- **Exercise objective**:
Under this line is a listing; return exactly the lines starting at the one with "phoenix rising from ashes" and running down to the one with "Miniatura 19 de", and leave out its pictures.

- **Material for this exercise**:
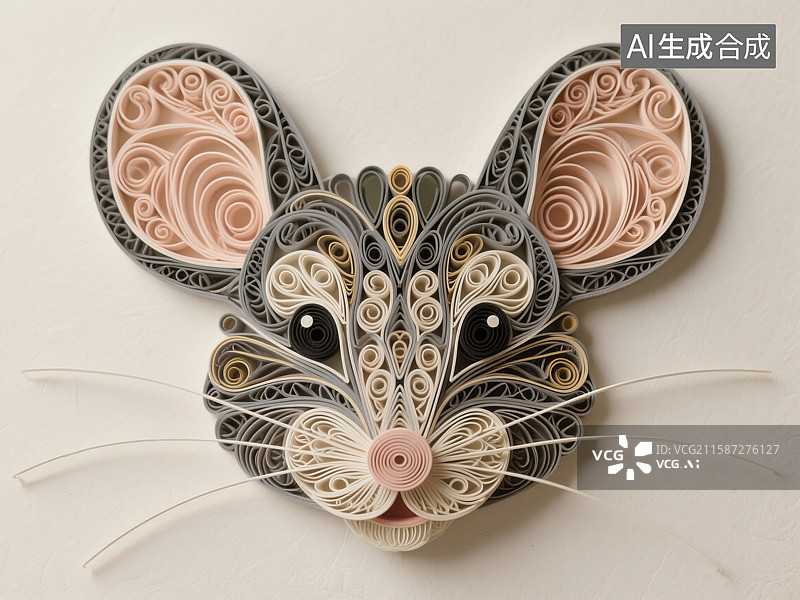 【AI数字艺术】纸艺老鼠头像创意设计图片素材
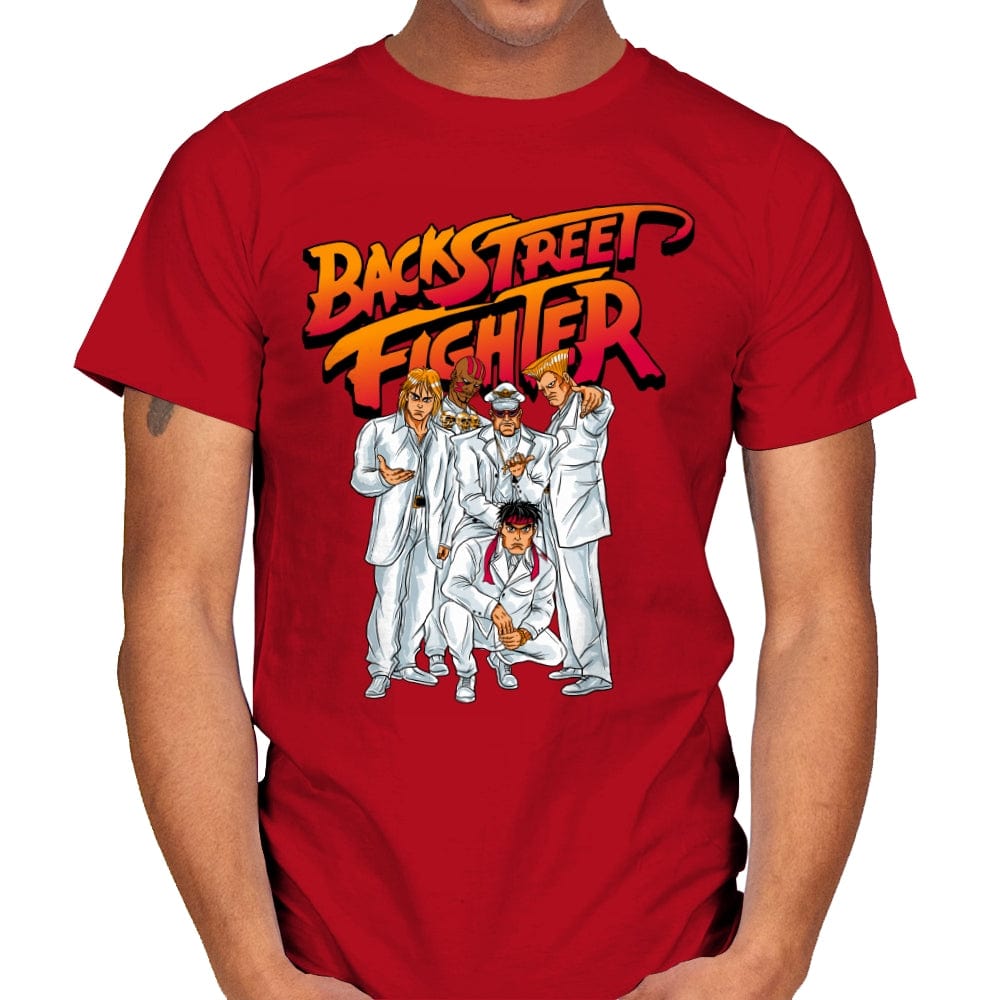 Backstreet Fighter - Mens T-Shirts RIPT Apparel Small / Red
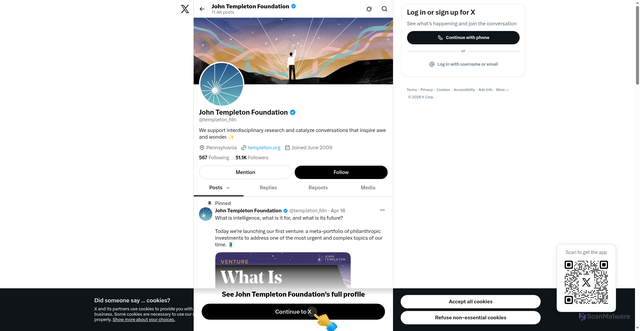 Security scan screenshot of https://x.com/templeton_fdn?utm_source=Receive+News+from+the+John+Templeton+Foundation&utm_campaign=55e235529a-EMAIL_CAMPAIGN_2026_templetonideas_20260923&utm_medium=email&utm_term=0_-42837b4b08-97355777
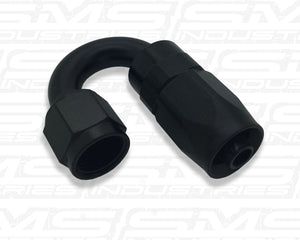-8AN BRAIDED 180 DEGREE FITTING (BLACK)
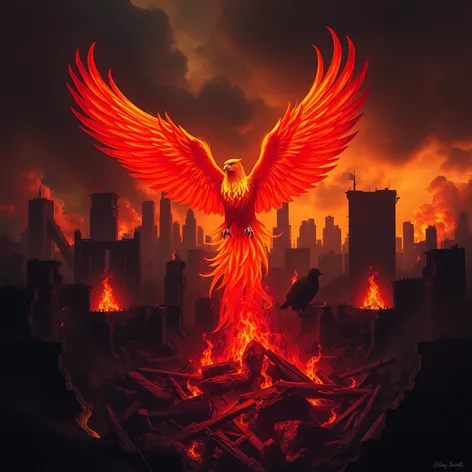 phoenix rising from ashes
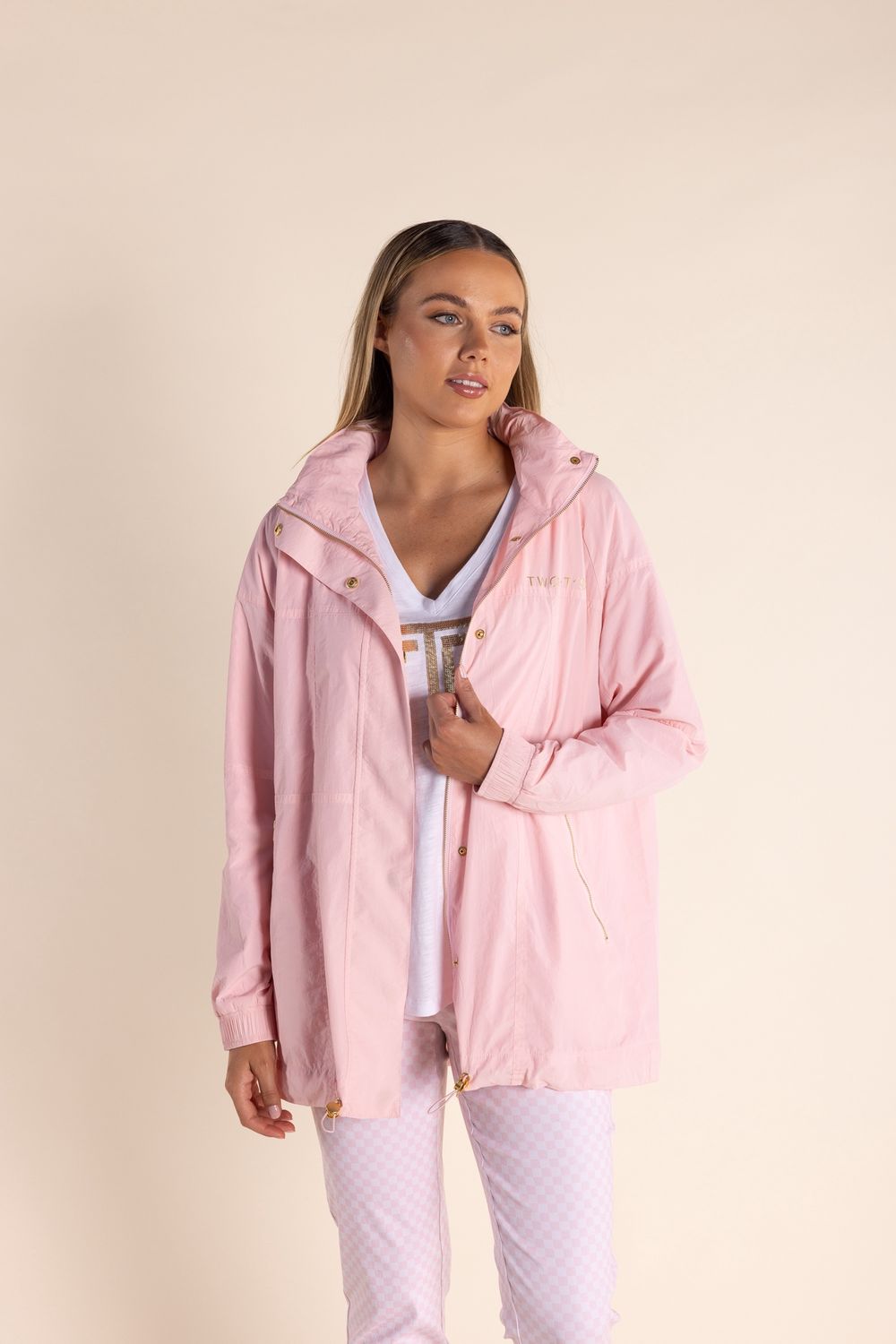 Two-T&#39;s - Spray Jacket W/ Gold Logo Pink Rose - 2838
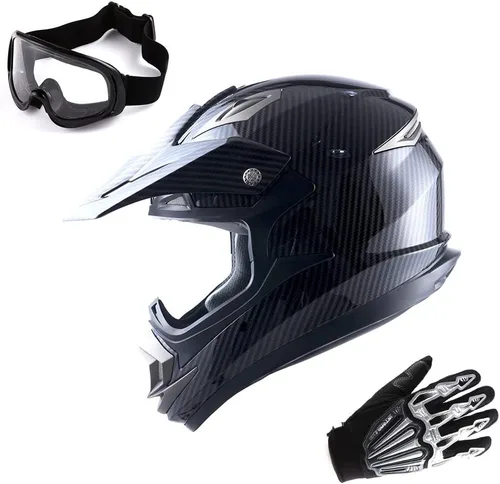 Miniatura 19 de 1Storm Casco de motocross para adultos, todoterreno, MX, BMX, ATV, motocross, mecánico, HGXP14B, fibra de carbono, negro, HGXP14B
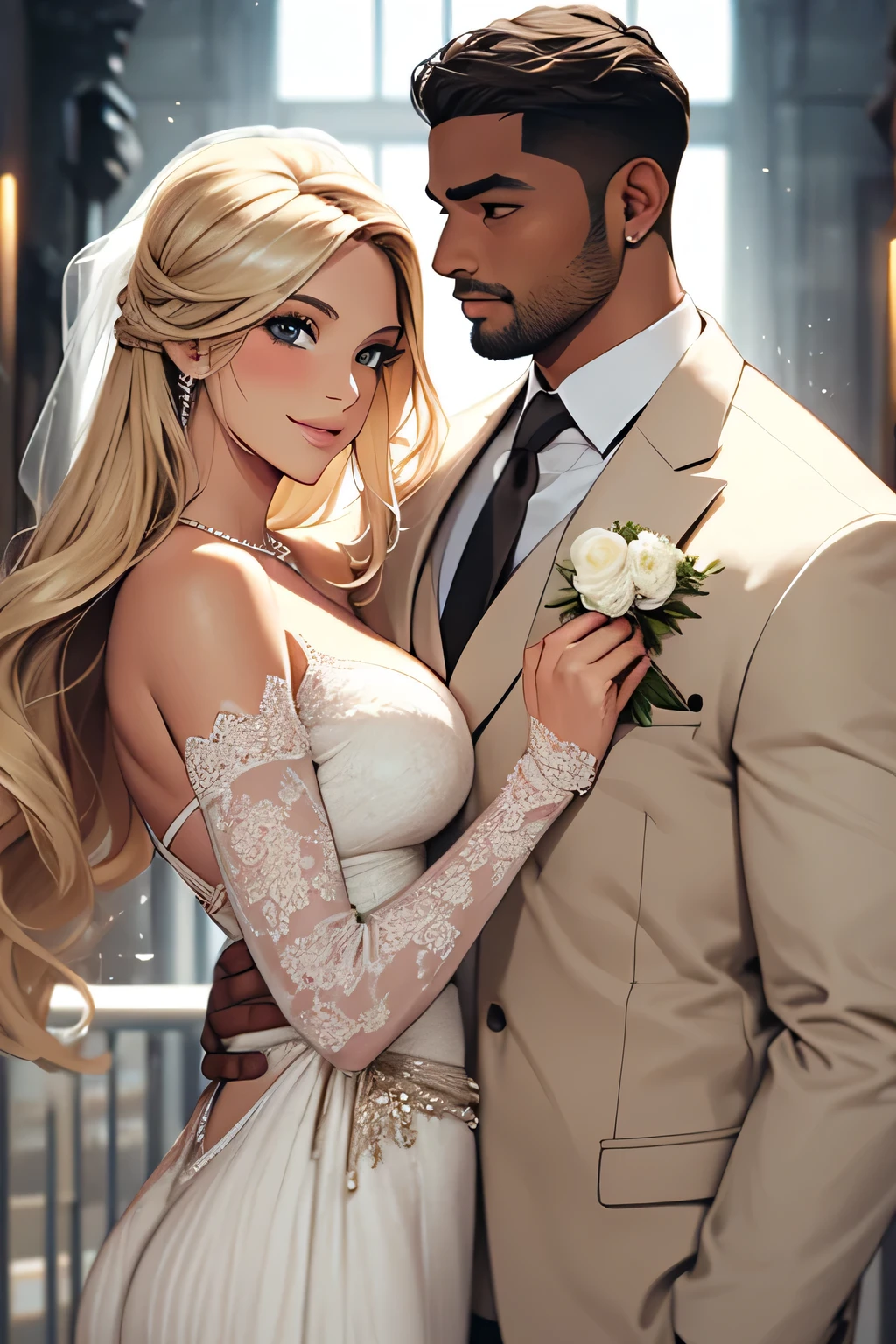 blonde woman, brown man, newlyweds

- **Task answer**:
 phoenix rising from ashes
 Two-T&#39;s - Spray Jacket W/ Gold Logo Pink Rose - 2838
 Miniatura 19 de 1Storm Casco de motocross para adultos, todoterreno, MX, BMX, ATV, motocross, mecánico, HGXP14B, fibra de carbono, negro, HGXP14B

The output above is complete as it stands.